DC: When I wrote the story, I was thinking a lot about how my family had dealt with the death of my mother a couple years earlier. Or, specifically, how they’d all seemed to be able to move on with life while I couldn’t at all. Of course, we were all just dealing with it in different ways. But I kept feeling this outside pressure to be grateful for the time we’d had with her, when all I wanted to be was very, very angry and mournful about the time we’d never have again. Thoughts about this positive thinking grief culture and the pros and cons of moving on fueled the story at first. Then, of course, it shifted to be about more.
TH: Do you have any writing rituals?
DC: I always go for walks. Mostly one a day, but sometimes I’ll work myself up and have to go on two or three separate walks. This works best when I can walk in the woods or some other natural place. Things come to me as I walk and I’ll take notes on my phone which will get put into my computer later. I guess part of my ritual of writing is spending a large chunk of the time not actually sitting down to write.
TH: The last sentence you underlined in a book?

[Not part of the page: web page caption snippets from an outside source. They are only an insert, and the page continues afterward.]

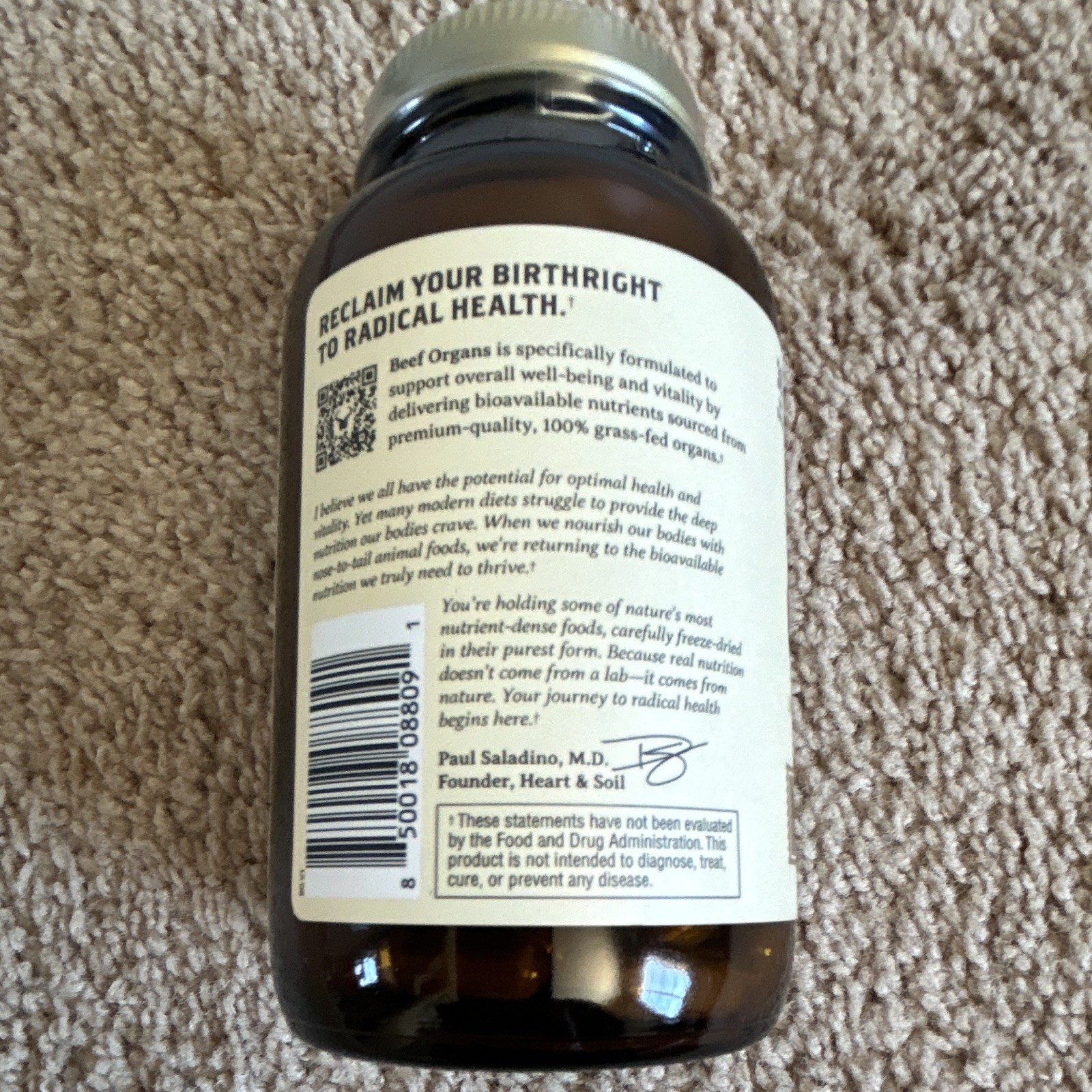 Heart & Soil Beef Organs Grass Fed Capsules 180 ct 600 mg Exp 12/2028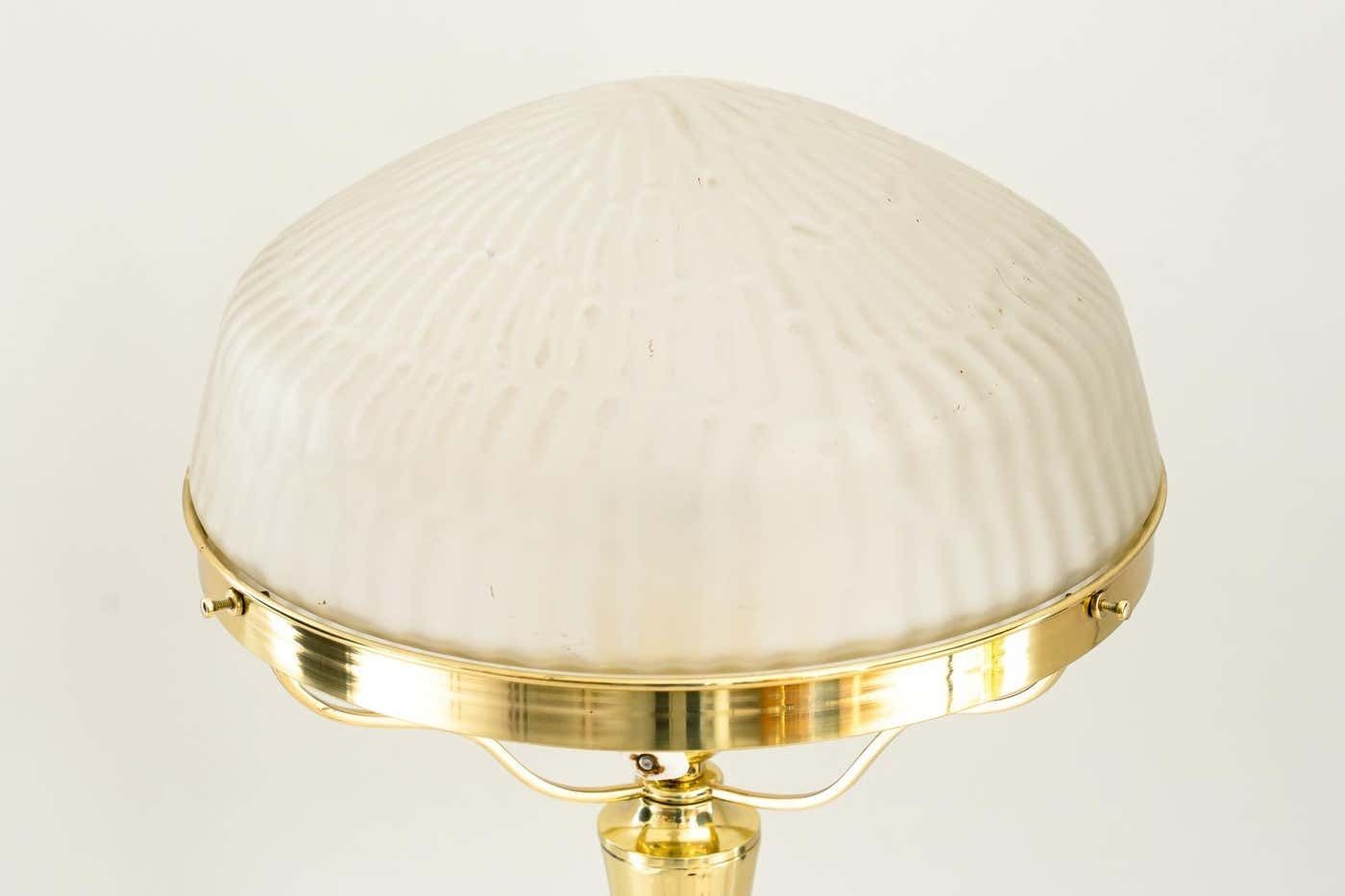 photo for sale Art Deco Table Lamp With Original Glass Shade Around 1920s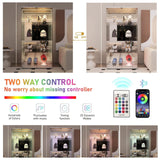 lunhung 65"H Glass Display Cabinet with LED Lights & Mirror Back Panel, 2 Doors Curio Storage Cabinet w/ Adjustable Feet & Lock, 4-Shelf Wood Top Display Case Bookshelf for Living room,Hallway (White) lunhung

DC: I’ve been carting around a copy of [Edward Abbey’s] Desert Solitaire with me since college but didn’t read it until this January, when I spent a month in the desert. The book is radical, occasionally dated and silly, and a beautiful marvel. And though it’s dated in some ways, it feels very of the moment, for me anyway. I’m glad I read it now instead of when I was 20 and more of a poseur than a real thinker. I’m in the process of moving so the book is packed. But I had noted a line in my journal and according to the e-reader version it is a very underlined passage. Here is a bit:
“We need wilderness whether or not we ever set foot in it. We need a refuge even though we may never need to go there. I may never in my life get to Alaska, for example, but I am grateful that it’s there. We need the possibility of escape as surely as we need hope;…”

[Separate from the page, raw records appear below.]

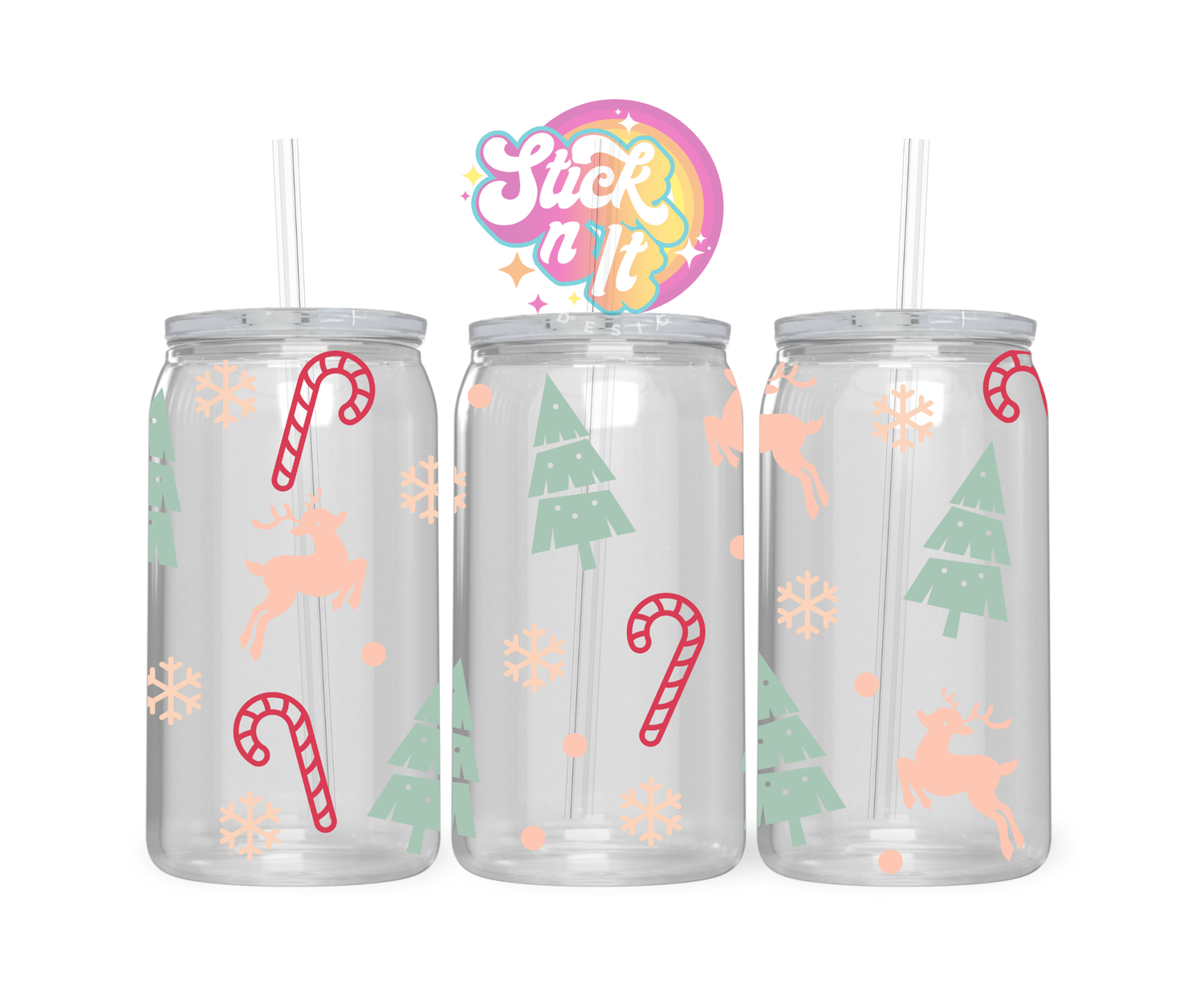 PASTEL REINDEER ACRYLIC CUP - Stick N It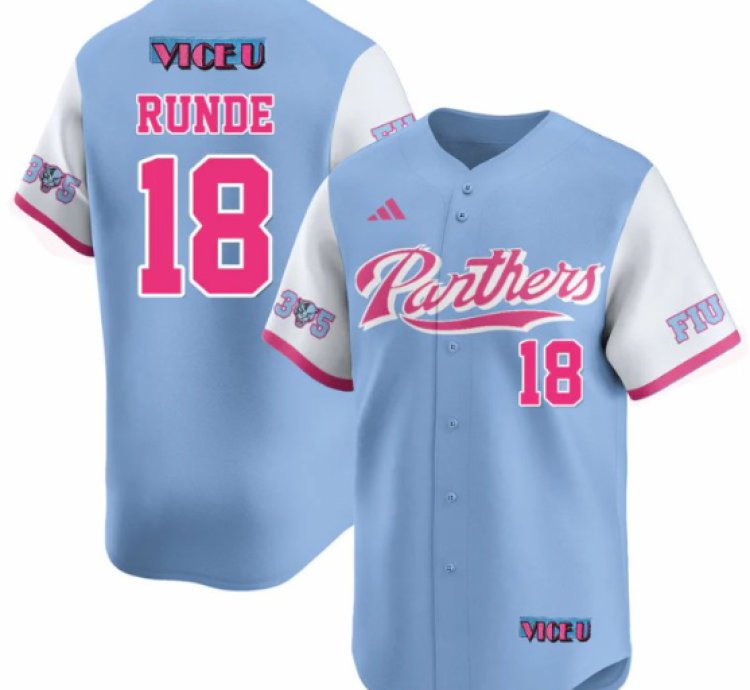 Logan Runde Jersey 18 Fiu Baseball 2025 Vice U Stitched Blue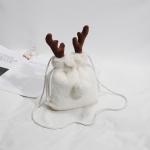 Luxury Christmas Drawstring Bag Winter Fluffy Reindeer Antler Handbag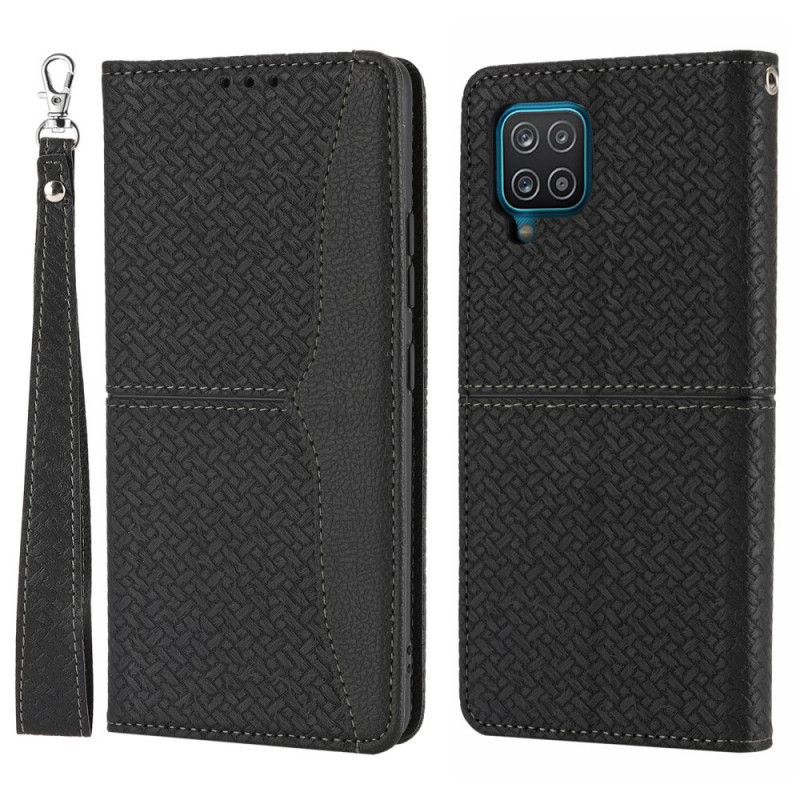 Capa Flip Cover Samsung Galaxy A12 / M12 Style Leather Woven Strap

TH: What is the next story I should read?
DC: I really freaked out over Rebecca Curtis’s recent story in The New Yorker, “The Christmas Miracle.” I thought it was the most exciting story I’d read in a long time. I even made a loud noise when I got to the end, a noise like you might hear at a sporting event. I don’t remember the last time I whooped at a short story, if ever.
Diane Cook‘s debut collection, Man V. Nature, is forthcoming from HarperCollins. Her stories appear in Zoetrope, Harper’s, Redivider, and Guernica. She was a producer for This American Life.